JP Morgan pode perder US$ 2 bi no País

Segundo presidente do banco, que tem exposição de US$ 11 bi ao Brasil, prejuízo pode ocorrer caso situação política e econômica se agrave

AFP

08 de abril de 2016 | 05h00

O banco americano JP Morgan calcula que suas perdas em caso de agravamento da crise política e econômica do Brasil pode chegar a US$ 2 bilhões por causa de sua alta exposição ao mercado local, afirmou o presidente da instituição, Jamie Dimon.

“Nossa exposição ao Brasil é de aproximadamente US$ 11 bilhões, e cremos que, em caso de agravamento (do clima econômico), poderíamos perder US$ 2 bilhões”, escreveu Dimon em uma carta mensal a acionistas da instituição, que foi divulgada na noite de quarta-feira.

O banco lembra que, nos últimos três anos, sua atividade no principal país da América Latina, o Brasil, gerou lucros.

O maior banco norte-americano em total de ativos tem hoje cerca de 2 mil clientes no Brasil, entre os quais estão diversas empresas multinacionais.

“Não nos retiraremos (do País) porque as perspectivas de longo prazo seguem muito boas e porque os brasileiros apreciam que tenhamos ficado nos momentos em que mais precisavam de nós”, frisou.

Entre os problemas que deixam a situação mais instável no País, assinalou o JP Morgan, estão o possível impeachment da presidente Dilma Rousseff, que provavelmente será decidido pelo Congresso Nacional em votação marcada para um domingo, dia 17.

Em meio à crise política, há também fortes dificuldades econômicas que fazem a moeda nacional, o real, perder valor frente ao dólar americano.

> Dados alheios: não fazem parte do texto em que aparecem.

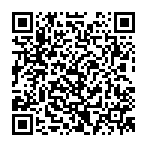 www.houseinfo.com.tw房屋網-二林鎮旱地,二林鎮旱地出售,二林鎮旱地買賣-QRCode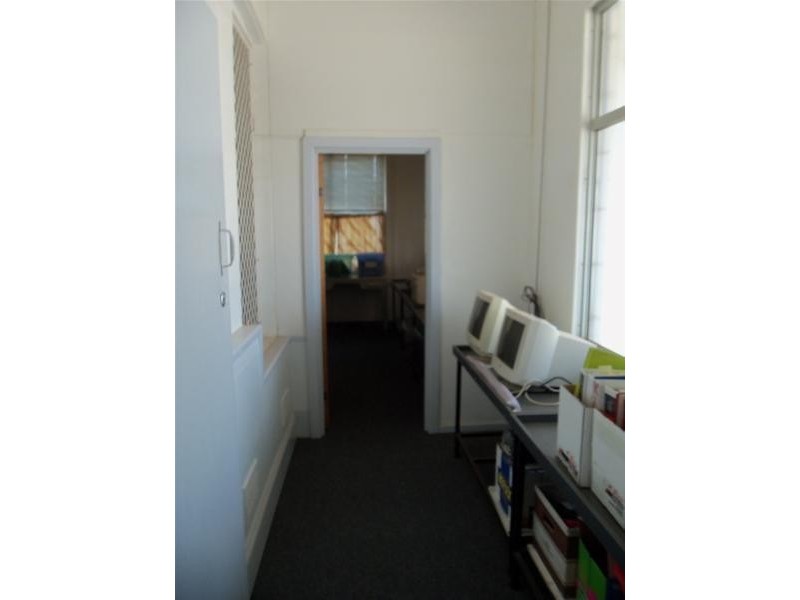 304 Oxide Street, Broken Hill NSW 2880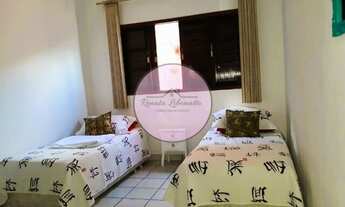 Imagem 6: Casa Térrea 2 dormitórios - Tupi, Praia Grande/SP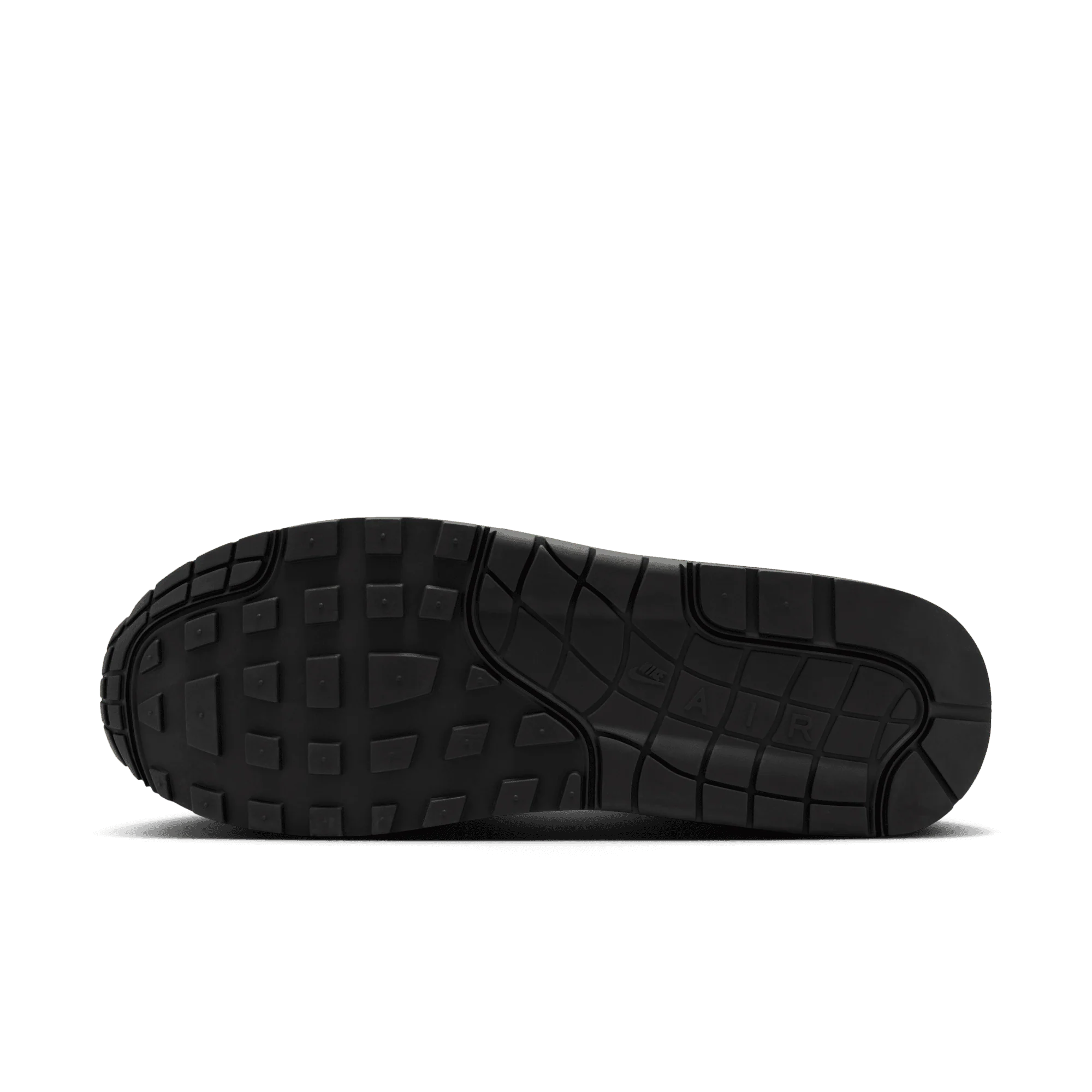 AIR MAX 1 `86 OG "BLACK CAT" - Image 6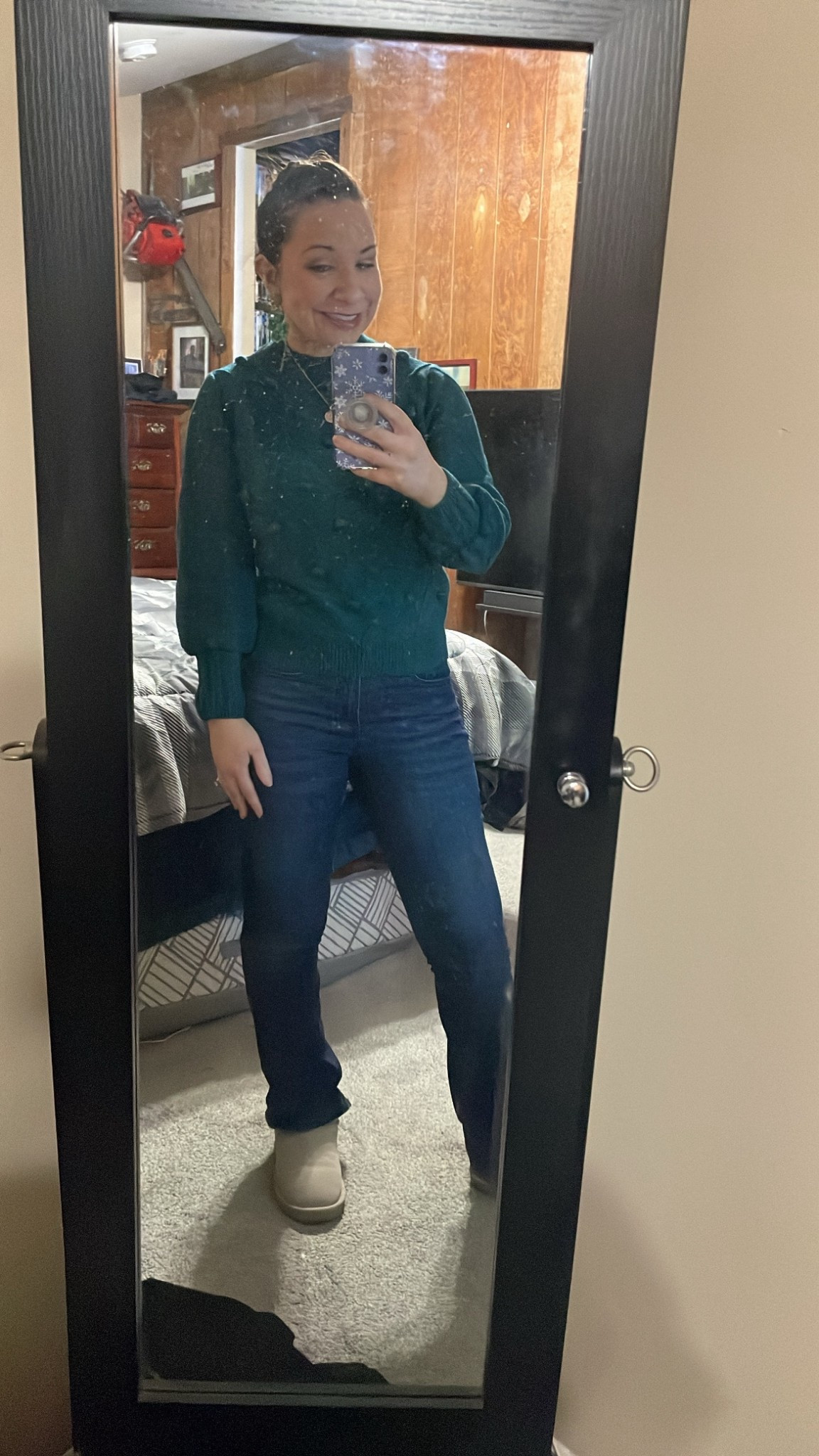 Friday work ootd 

#LTKPetite #LTKSaleAlert #LTKWorkwear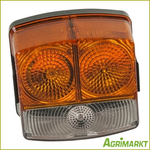 Agrimarkt - No. 200052926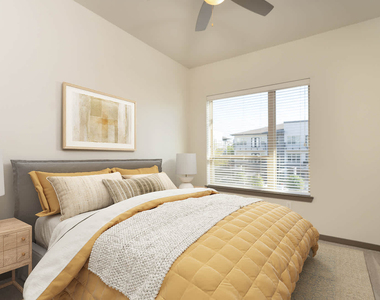 7929 Churchill Way - Photo Thumbnail 44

Argentina. Enquanto a situação no Brasil se deteriora, Dimon ressaltou os esforços da Argentina para voltar a ganhar a confiança do mercado financeiro e disse que o JP Morgan respalda a decisão do governo de Mauricio Macri neste sentido.

“Neste ano, tomamos um pequeno risco suplementar na Argentina ao concordar com um financiamento especial para ajudar a devolver certa estabilidade ao país e favorecer seu retorno aos mercados globais”, escreveu o executivo.

A Argentina concluiu em fevereiro um acordo histórico com “fundo abutres”, que tentam reaver há anos um total de US$ 4,6 bilhões do país.